In addition to these two companies, two state-run carriers – identified as Bharat Sanchar Nigam Ltd and Mahanagar Telephone Nigam Ltd – will also be impacted by the surcharge, Reuters (News - Alert) reported.
The surcharges try to level the “playing field between old and new operators,” Reuters added.
It is likely that the large telecoms may try to get the surcharges reduced.
"Telcos can now litigate and demand to reduce the fee,” one industry analyst told Reuters. “But at least the worst case on spectrum fees is now known."
The surcharges will lead to the government raising a net $5.72 billion. It comes at a time when India is trying to deal with a large deficit.
In other news about India’s telecom sector, Sanjay Kapoor, Bharti Airtel CEO for India and South Asia, said the sector will likely need to raise tariffs, according to the Times of India.

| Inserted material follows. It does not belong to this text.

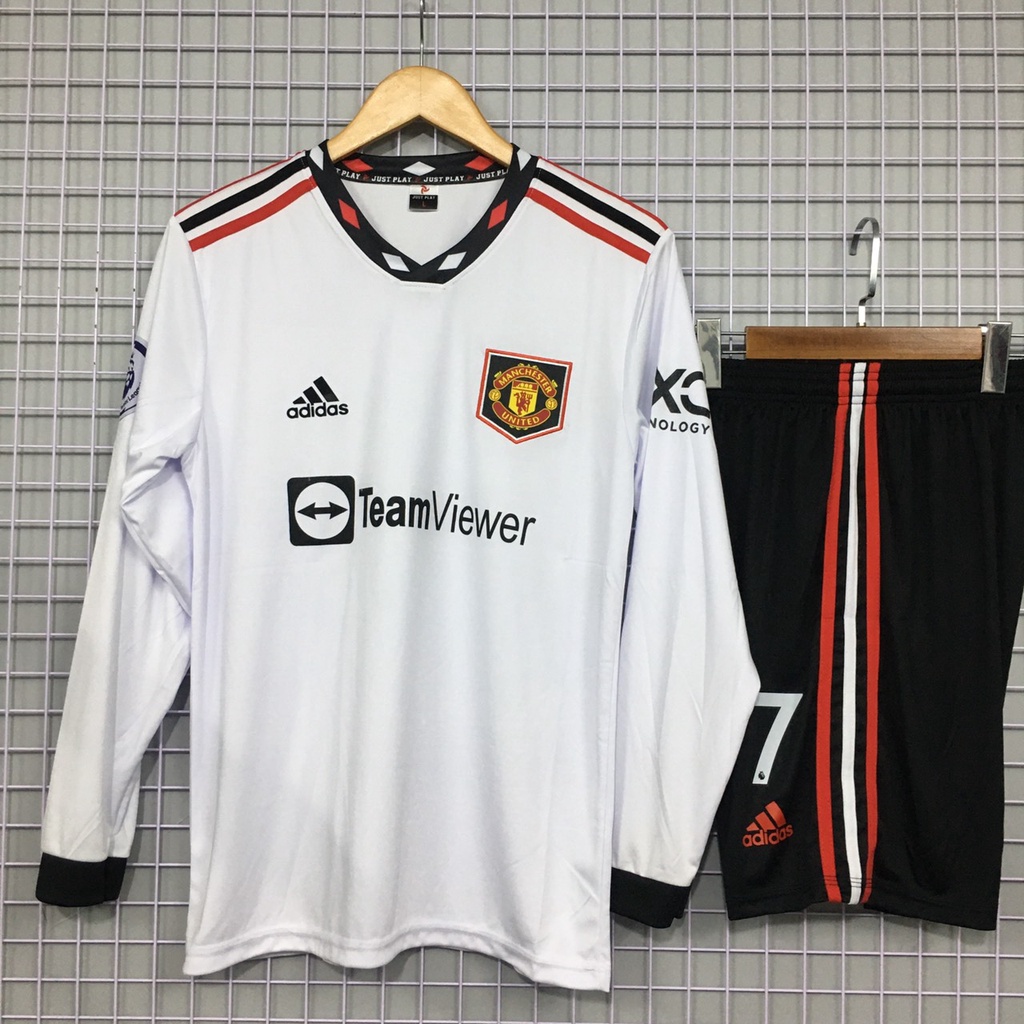 Bộ quần áo đá banh RONALDO MU trắng DÀI TAY sân khách 2023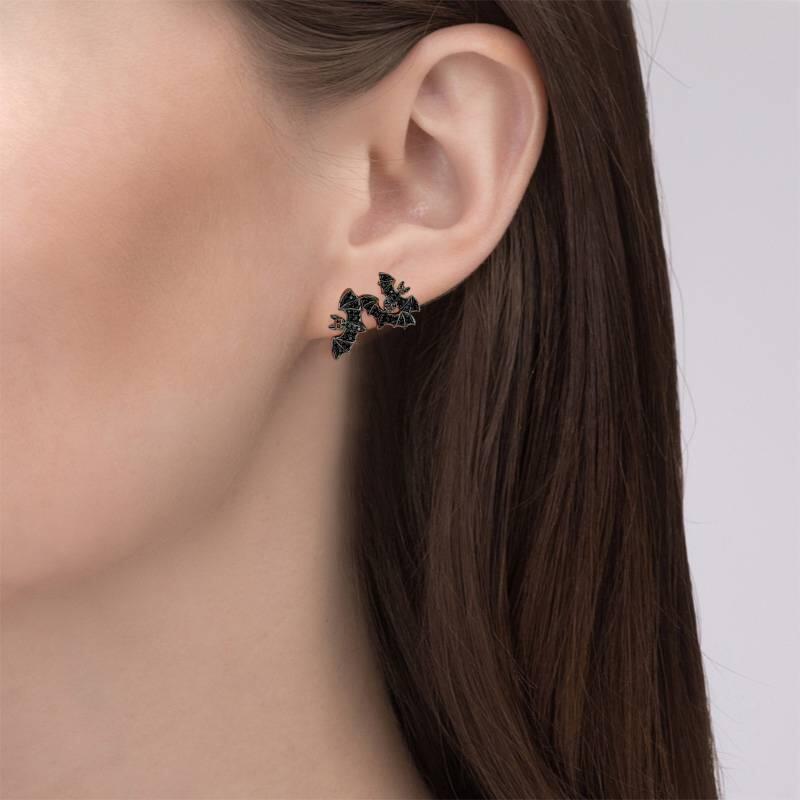 Jeulia "Witches' Familiars" Bat Sterling Silver Earrings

"The current tariffs do not even cover marginal costs for most operators. So from an economics perspective, do we need to increase prices? The answer is yes," Kapoor said during a break in programs being offered during the World Economic Forum on India. “The need for a price hike is more than accepted by me and by my colleagues in the industry."
In a related matter, TMCnet reported that India’s spectrum auctions are likely to start on Nov. 12. Companies will bid for airwaves in the 1800 MHz band. That is often employed by GSM-based mobile services.
Then, the country will hold CDMA spectrum auctions in the 800 MHz band. The CDMA auction could be delayed because two of bidders withdrew from the auction.